> Input:

»»

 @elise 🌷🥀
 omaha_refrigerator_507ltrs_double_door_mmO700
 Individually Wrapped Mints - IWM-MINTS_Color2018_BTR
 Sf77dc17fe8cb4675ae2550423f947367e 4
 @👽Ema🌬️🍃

««
»»

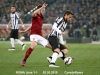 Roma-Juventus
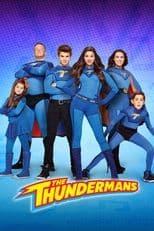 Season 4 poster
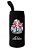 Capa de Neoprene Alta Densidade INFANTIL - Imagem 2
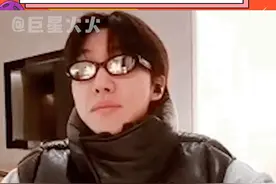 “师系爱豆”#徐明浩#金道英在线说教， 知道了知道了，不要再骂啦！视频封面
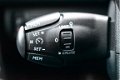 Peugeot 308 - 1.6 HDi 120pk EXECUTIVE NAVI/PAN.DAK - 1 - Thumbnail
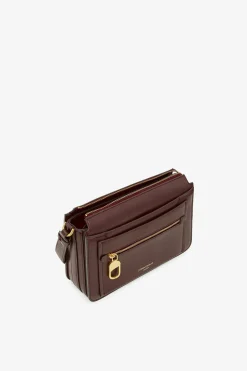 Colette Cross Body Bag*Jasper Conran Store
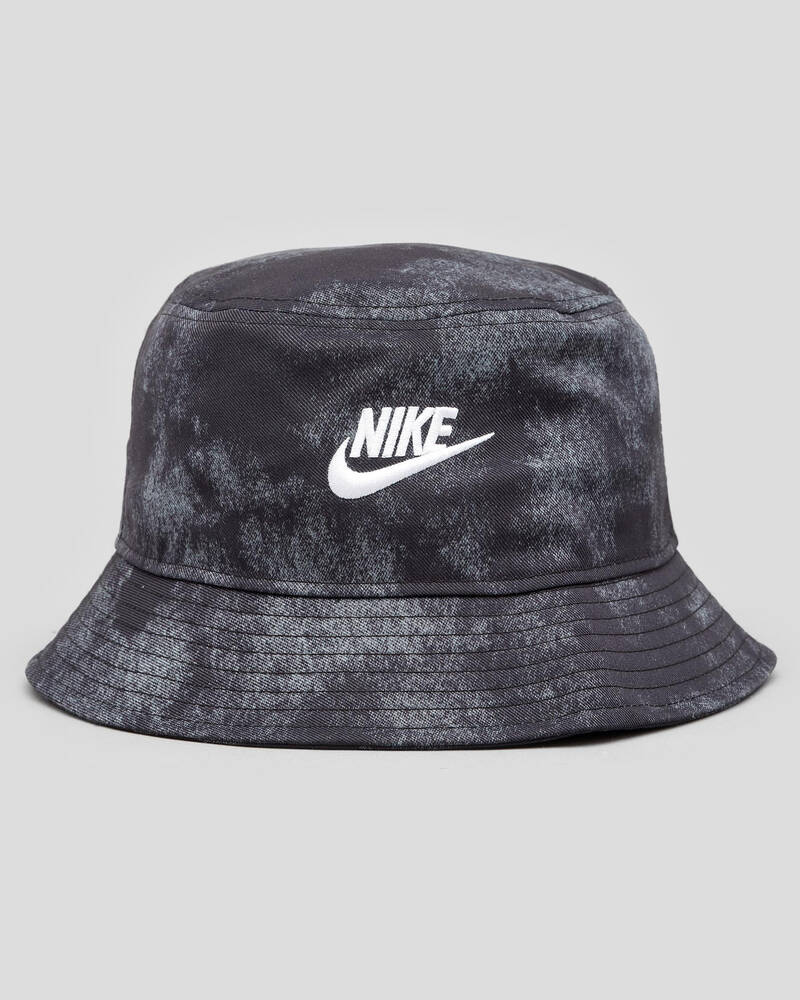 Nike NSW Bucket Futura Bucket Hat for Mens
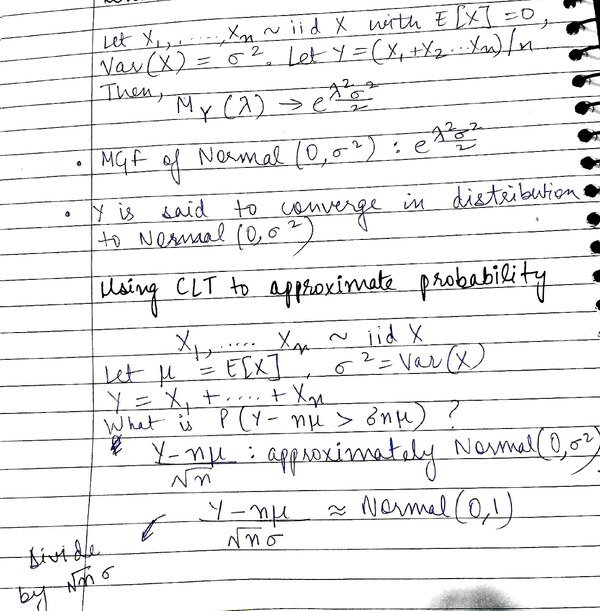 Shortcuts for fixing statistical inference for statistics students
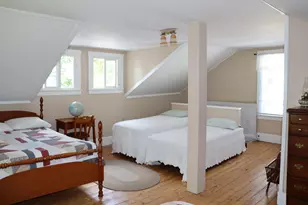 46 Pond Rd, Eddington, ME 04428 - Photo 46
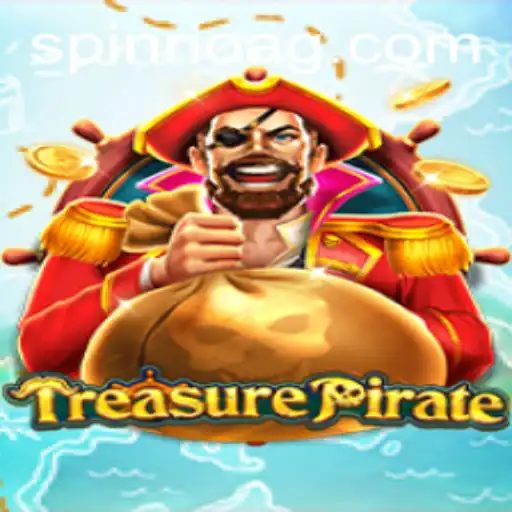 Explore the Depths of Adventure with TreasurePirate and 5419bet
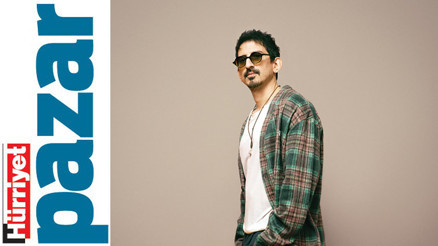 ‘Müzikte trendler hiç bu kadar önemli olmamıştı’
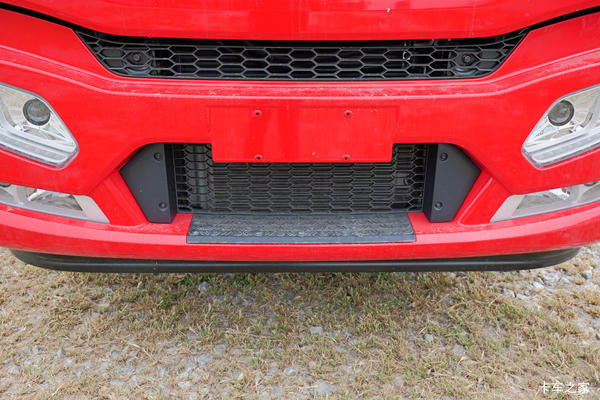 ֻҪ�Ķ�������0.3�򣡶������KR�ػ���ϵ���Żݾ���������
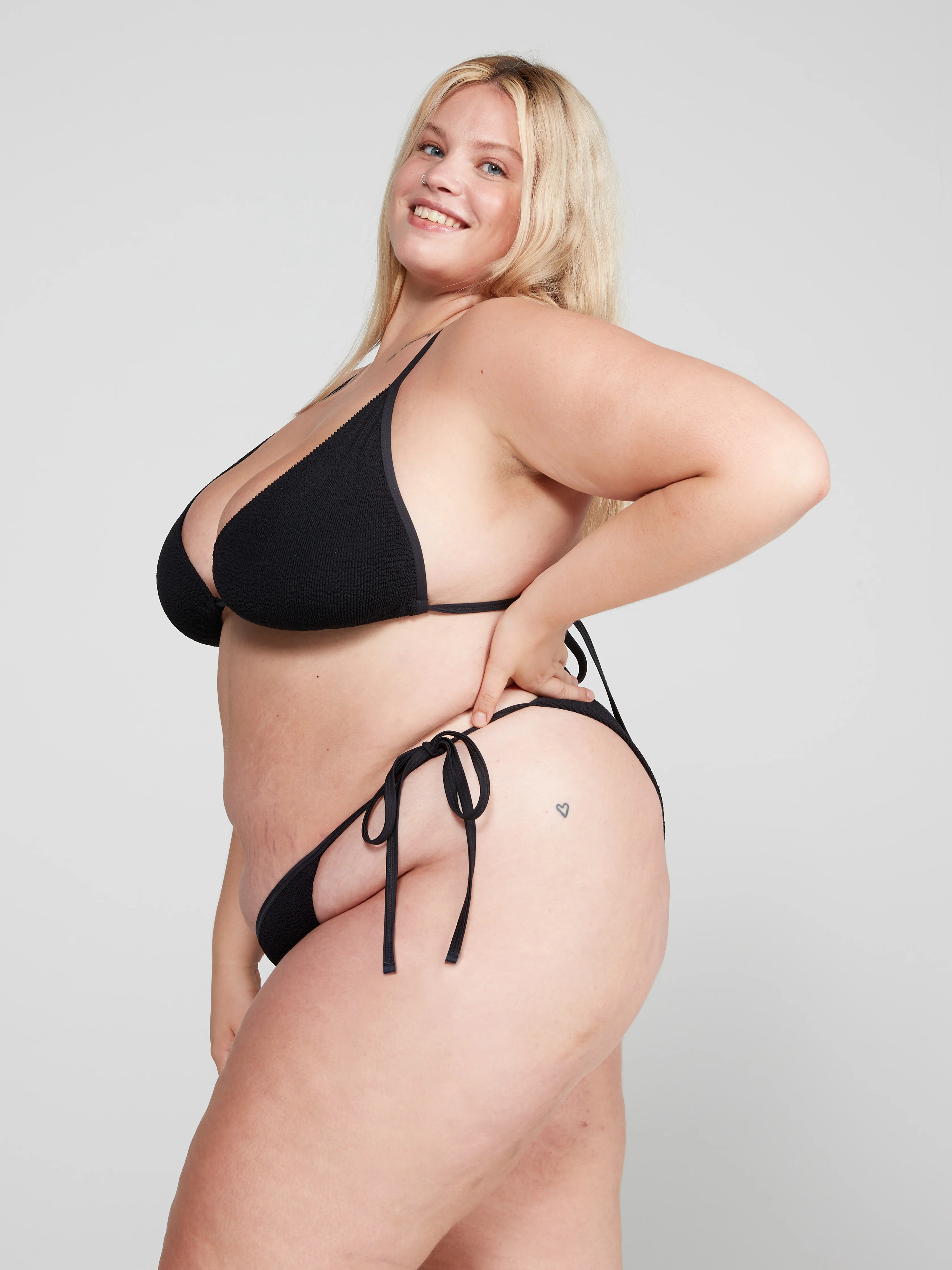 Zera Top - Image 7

««
»»

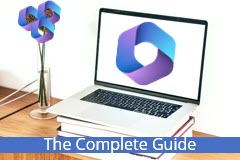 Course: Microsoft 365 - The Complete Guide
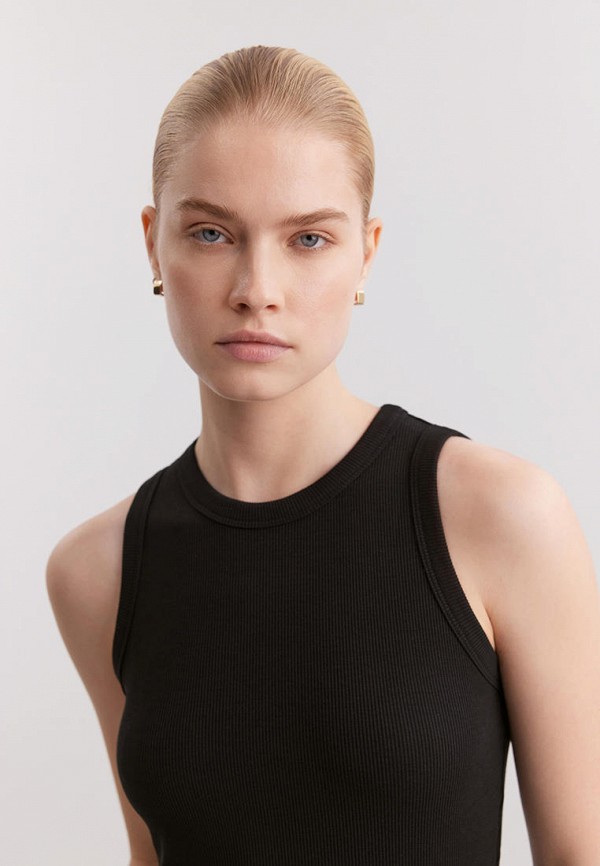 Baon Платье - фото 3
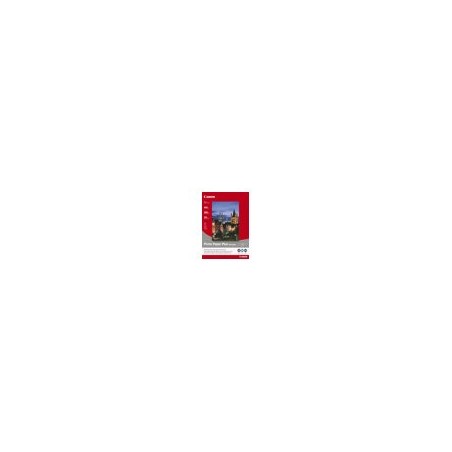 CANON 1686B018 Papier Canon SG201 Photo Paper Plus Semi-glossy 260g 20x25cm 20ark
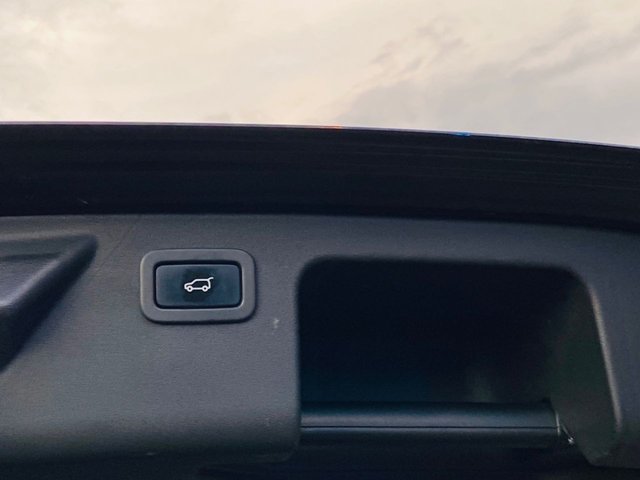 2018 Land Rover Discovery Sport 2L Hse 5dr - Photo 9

««

> Goal of the exercise:
Starting at the line containing "Capa de Neoprene" and stopping at the line containing "46 Pond Rd, Eddington, ME 04428 - Photo 46", output each line exactly as it appears above. Leave out the pictures.

> Solution for this exercise:
 Capa de Neoprene Alta Densidade INFANTIL - Imagem 2
 “师系爱豆”#徐明浩#金道英在线说教， 知道了知道了，不要再骂啦！视频封面
 Peugeot 308 - 1.6 HDi 120pk EXECUTIVE NAVI/PAN.DAK - 1 - Thumbnail
 Colette Cross Body Bag*Jasper Conran Store
 Nike NSW Bucket Futura Bucket Hat for Mens
 Shortcuts for fixing statistical inference for statistics students
 46 Pond Rd, Eddington, ME 04428 - Photo 46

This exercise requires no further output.